── Recorded information ──

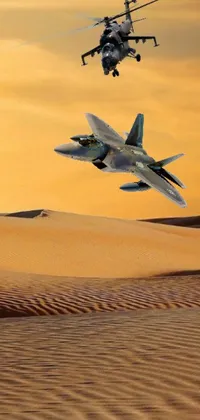 Brighten up your phone's screen with this stunning live wallpaper featuring vibrant planes soaring across a deep golden sand desert and bright blue sky with fluffy clouds
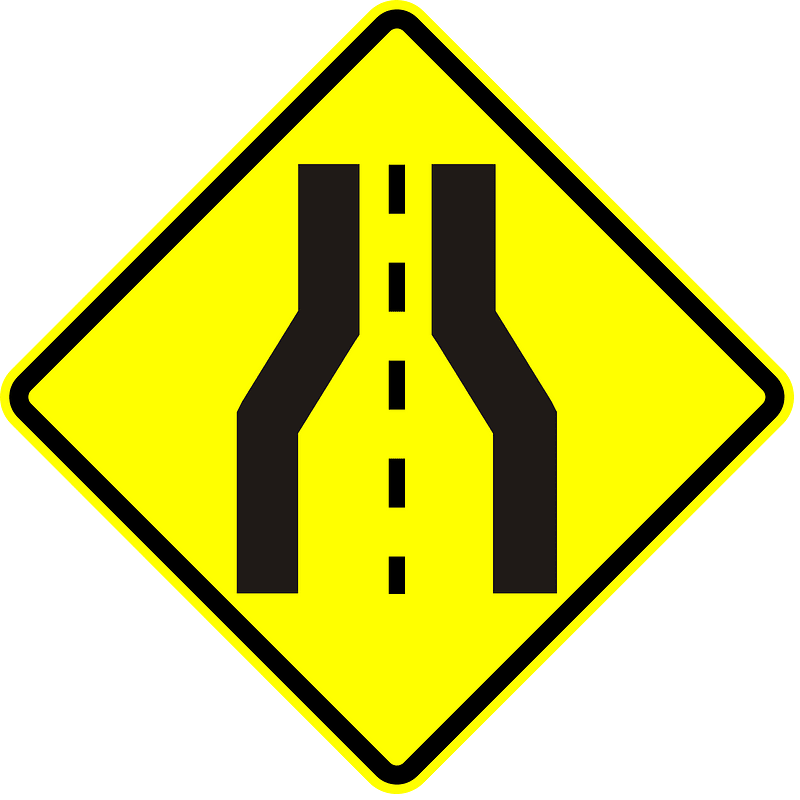 Road narrows ahead sign in Panama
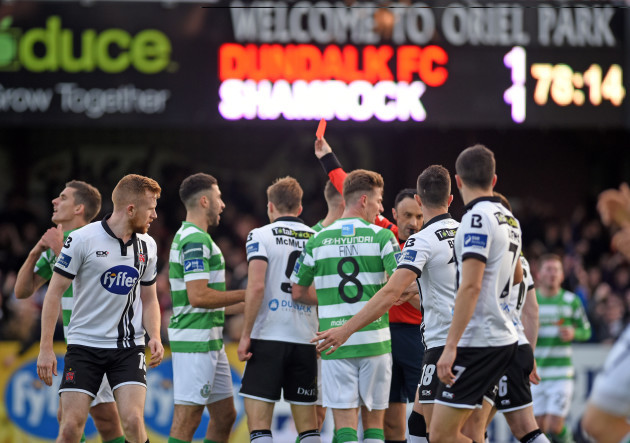 Neil Doyle shows Shamrock Rovers David McAllister a red card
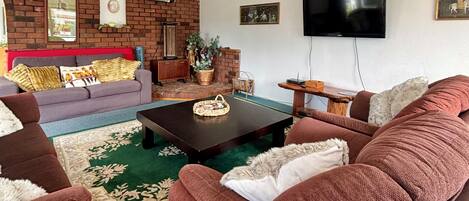 A living room with a brick wall, a television, and a sofa with cushions.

───

● About this exercise
Your output should be the lines from the one with "Neil Doyle shows" through the end of the listing, copied exactly and with the pictures left out.

● Solution to the problem
 Neil Doyle shows Shamrock Rovers David McAllister a red card
 A living room with a brick wall, a television, and a sofa with cushions.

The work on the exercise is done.